• _WORK INSTRUCTIONS_
The copy has to match the data exactly and leave out every picture.

• _DATA PROVIDED_

------------------------------

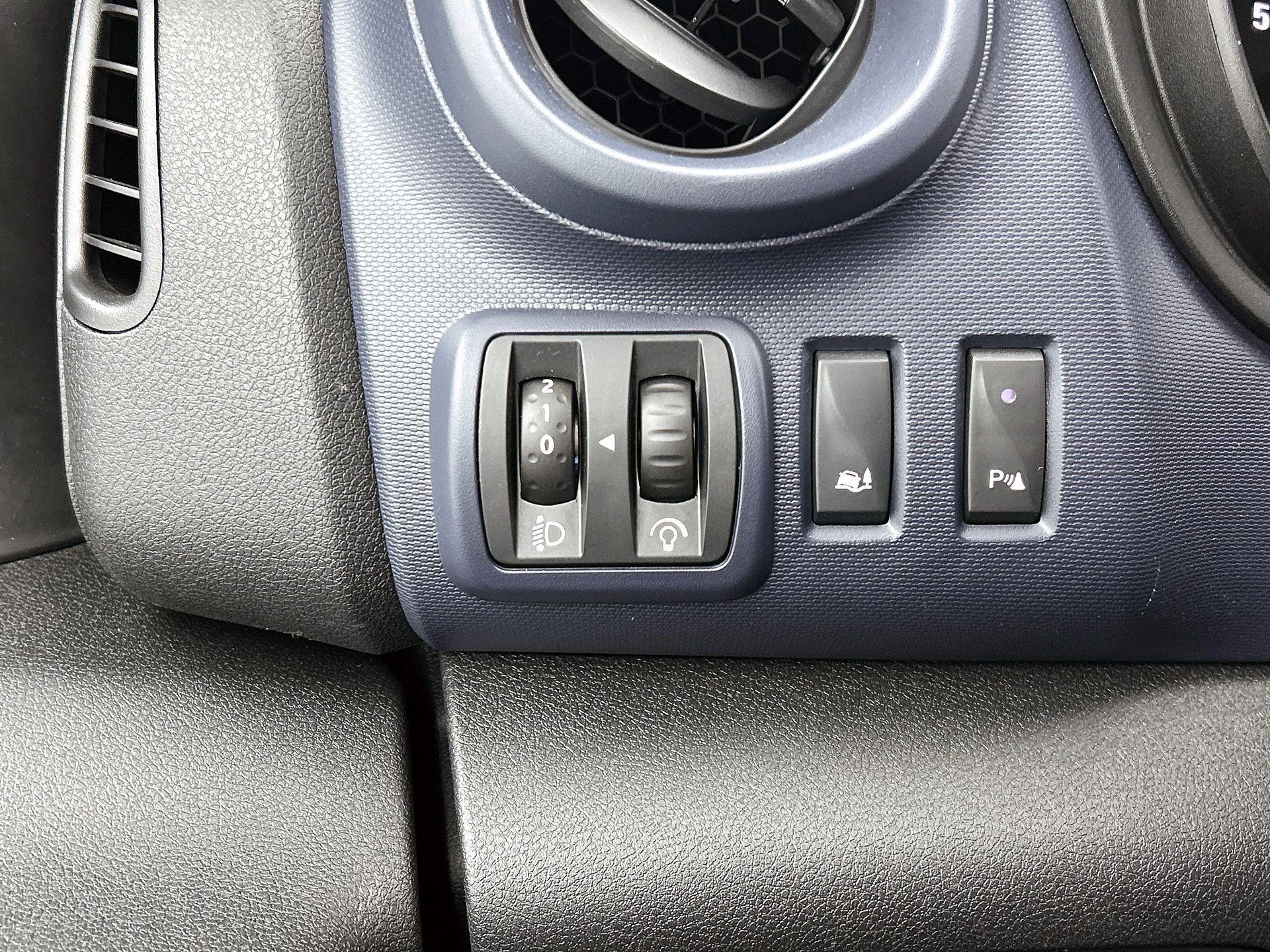 Opel-Vivaro-image-24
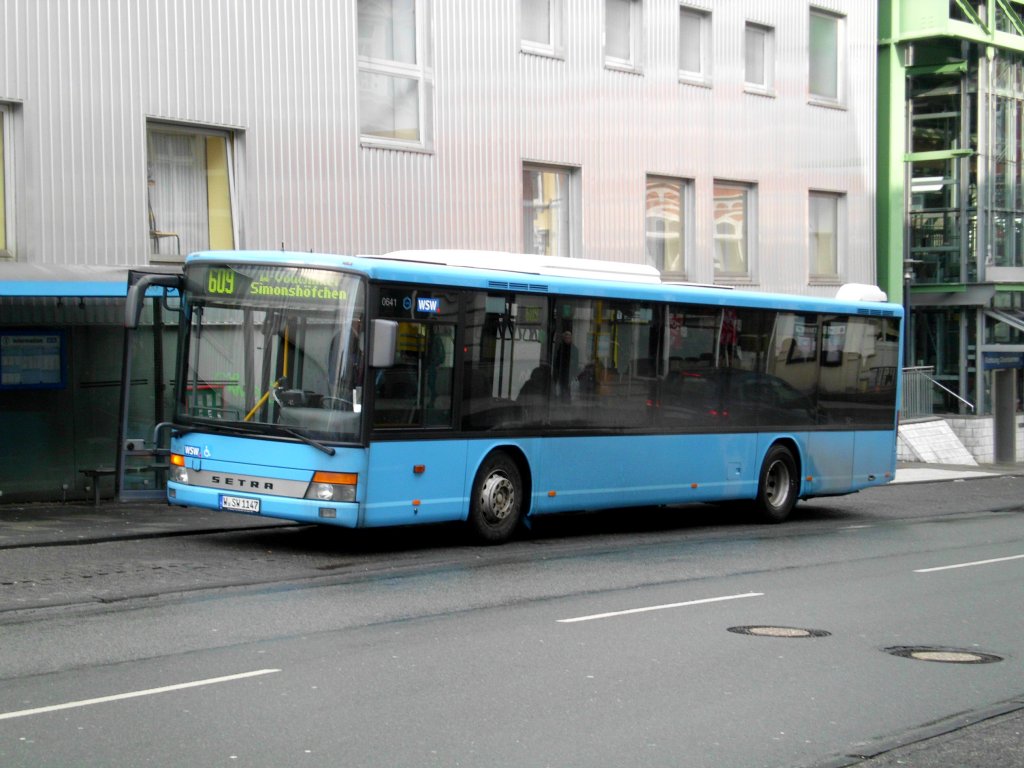 Setra S 300 NC auf der Linie 609 nach Wuppertal-Vohwinkel Simonshfchen Derken an der Haltestelle Wuppertal Vohwinkel Schwebebahn.(7.2.2013) 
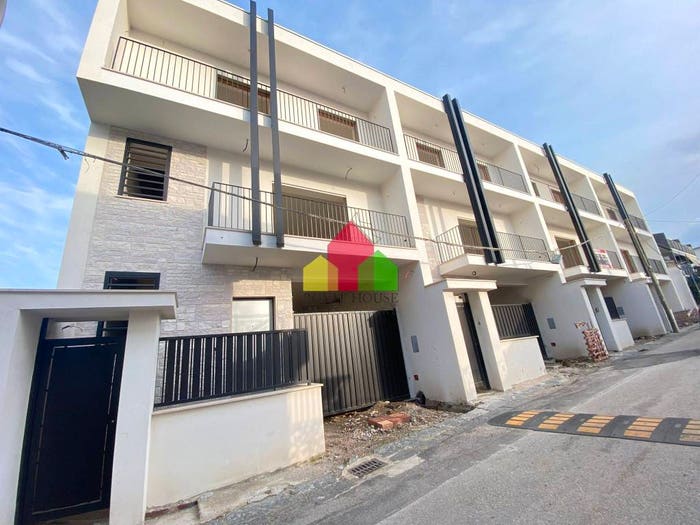 Casa con 5 locali in vendita in Via Eugenio Curiel, Parete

------------------------------

• _WRITTEN ANSWER_
 Opel-Vivaro-image-24
 Setra S 300 NC auf der Linie 609 nach Wuppertal-Vohwinkel Simonshfchen Derken an der Haltestelle Wuppertal Vohwinkel Schwebebahn.(7.2.2013) 
 Casa con 5 locali in vendita in Via Eugenio Curiel, Parete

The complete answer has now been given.